*The data:*
BEGIN
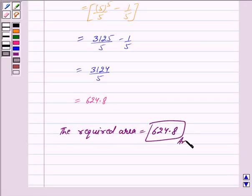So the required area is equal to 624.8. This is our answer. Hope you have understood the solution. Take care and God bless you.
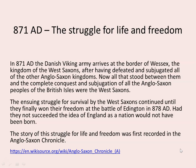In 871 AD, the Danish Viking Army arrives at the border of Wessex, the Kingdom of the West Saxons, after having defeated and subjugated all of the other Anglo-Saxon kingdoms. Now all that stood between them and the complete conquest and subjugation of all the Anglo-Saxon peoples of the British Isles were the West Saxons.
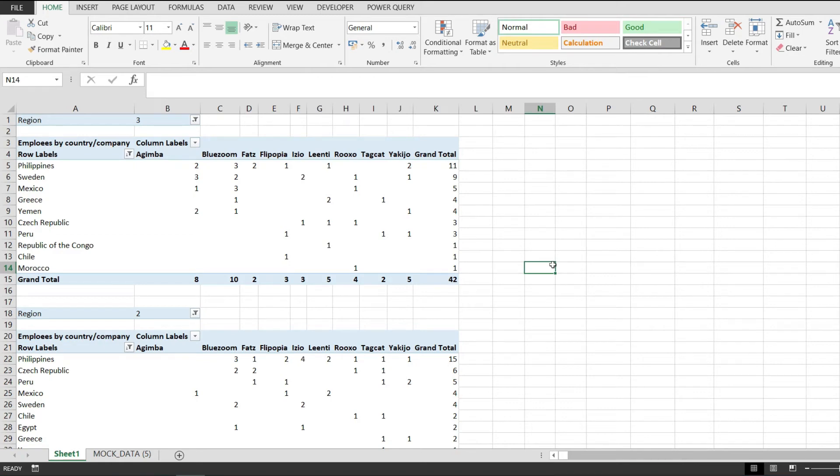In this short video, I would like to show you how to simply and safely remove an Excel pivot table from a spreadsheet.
END
BEGIN
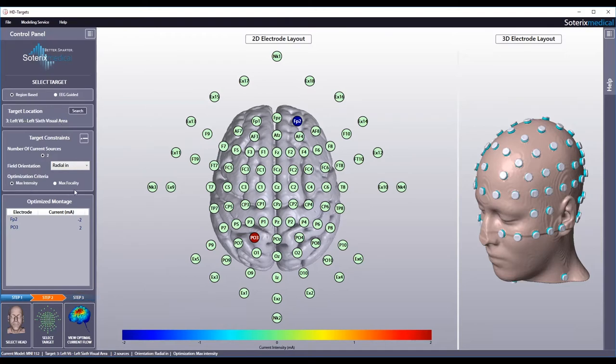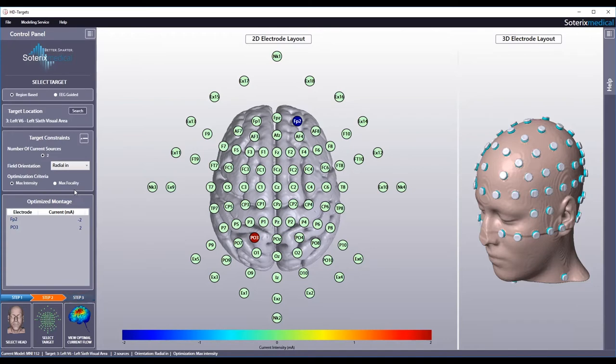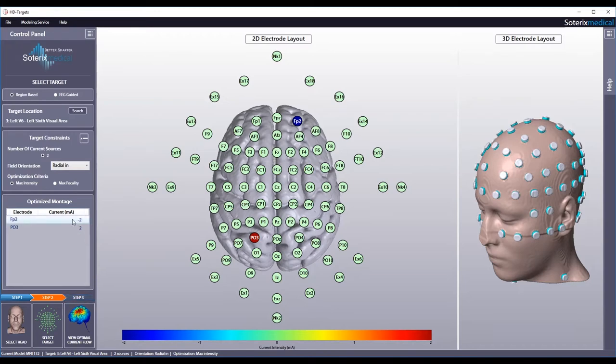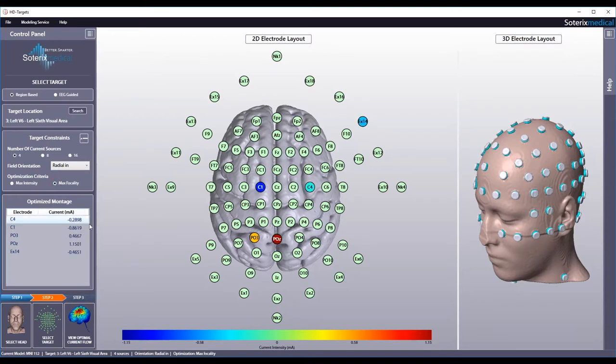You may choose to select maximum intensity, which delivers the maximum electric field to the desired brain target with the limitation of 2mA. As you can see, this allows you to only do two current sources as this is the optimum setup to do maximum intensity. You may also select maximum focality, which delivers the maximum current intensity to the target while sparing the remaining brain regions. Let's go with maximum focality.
END
BEGIN
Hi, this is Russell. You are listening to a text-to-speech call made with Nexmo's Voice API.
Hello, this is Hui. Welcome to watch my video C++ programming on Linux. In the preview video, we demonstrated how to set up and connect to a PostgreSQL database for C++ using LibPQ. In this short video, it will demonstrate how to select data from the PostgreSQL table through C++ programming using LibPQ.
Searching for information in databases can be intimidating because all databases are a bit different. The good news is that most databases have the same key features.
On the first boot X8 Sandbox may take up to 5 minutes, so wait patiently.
END
*To do:* Above are the records; return the lines in them from the one with "So the required" to the one with "In 871 AD, the", inclusive, exactly and without images.

*The answer:*
So the required area is equal to 624.8. This is our answer. Hope you have understood the solution. Take care and God bless you.
In 871 AD, the Danish Viking Army arrives at the border of Wessex, the Kingdom of the West Saxons, after having defeated and subjugated all of the other Anglo-Saxon kingdoms. Now all that stood between them and the complete conquest and subjugation of all the Anglo-Saxon peoples of the British Isles were the West Saxons.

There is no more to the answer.